One of the main ideas with which Arthur Koestler grapples in Darkness at Noon is the belief, central to Communist ideology in the USSR, that the individual is unimportant or even nonexistent in comparison to the collective. It is this belief that allows Party officials like Rubashov, Ivanov, and Gletkin to sacrifice individual Party members like Richard, Little Loewy, Arlova, Bogrov, Hare-lip, and Rubashov himself without emotion or regret. While in prison, however, Rubashov begins to question the decisions he made to denounce or expel individual people for the sake of the Party.

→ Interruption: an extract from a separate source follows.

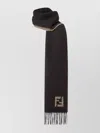 Fendi Cashmere And Wool Scarf With Fringed Edges In Black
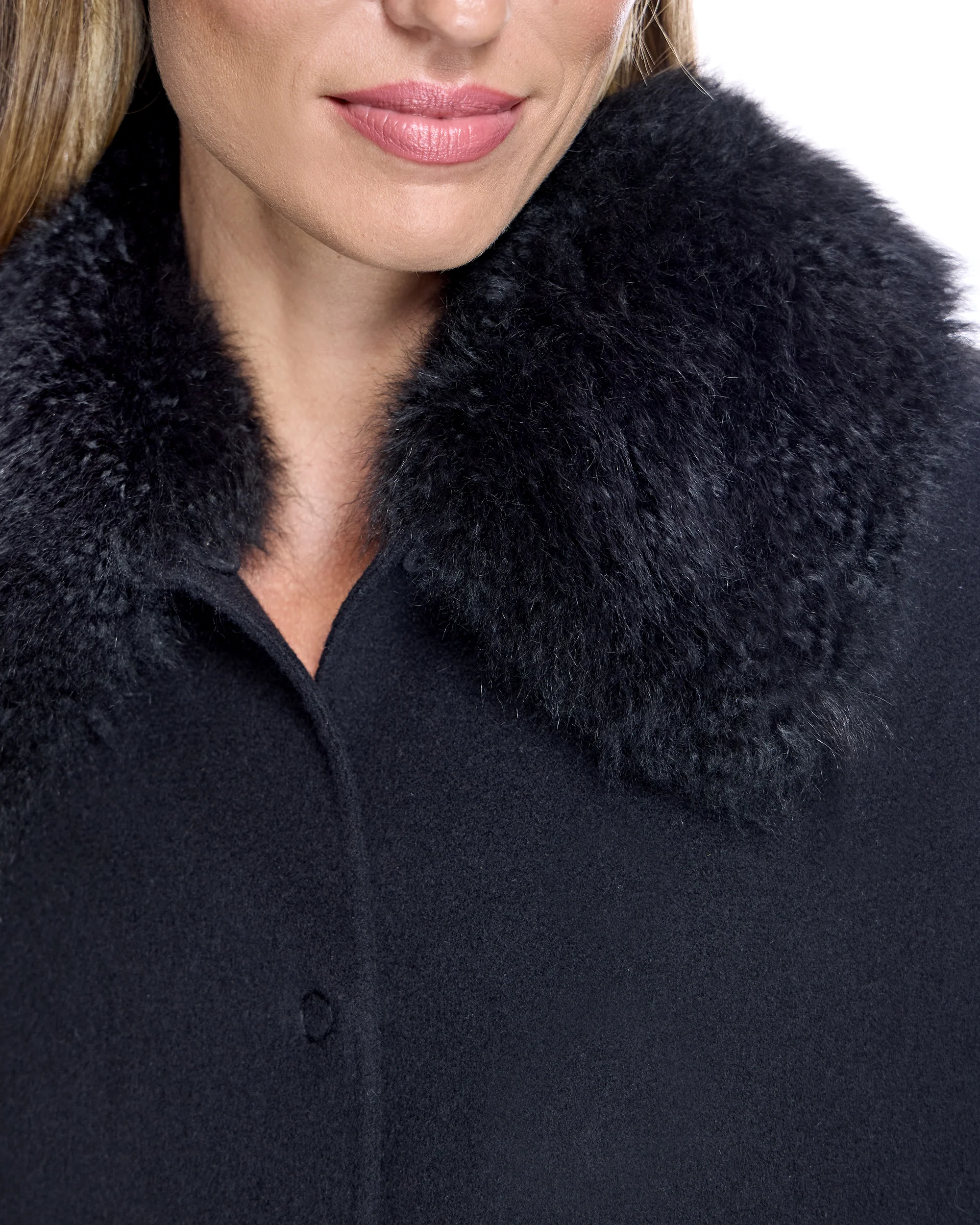Loro Piana Cashmere Blend Cape with Cashmere Goat Collar-Maximilian - Image 6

After he sees his old friend Bogrov dragged past his cell, calling Rubashov’s name, Rubashov finds he can no longer subscribe to the old logic still employed by his former commander, Ivanov, who justifies Bogrov’s execution by claiming that it was necessary to the collective good. There are two distinct forms of morality, Ivanov claims:

“One of them is Christian and humane, declares the individual to be sacrosanct, and asserts that the rules of arithmetic are not to be applied to human units. The other starts from the basic principle that a collective aim justifies all means, and not only allows, but demands, that the individual should in every way be subordinated and sacrificed to the community—which may dispose of it as an experimentation rabbit or a sacrificial lamb. The first conception could be called anti-vivisection morality, the second, vivisection morality.”

Ivanov argues that humanist (“anti-vivisection”) morality is impossible for any ruler to actually uphold, and he finds Rubashov’s newfound concern for the rights of individuals sentimental.

Rubashov also begins to acknowledge his own individuality for the first time, referring to this illogical, deeply personal part of himself as the “silent partner” in his thoughts as the “first-person singular,” or the “grammatical fiction.” As Party members are meant to consider themselves not as individuals but as parts of a collective, Rubashov’s acknowledgment of his individuality and interior world can be considered deeply subversive.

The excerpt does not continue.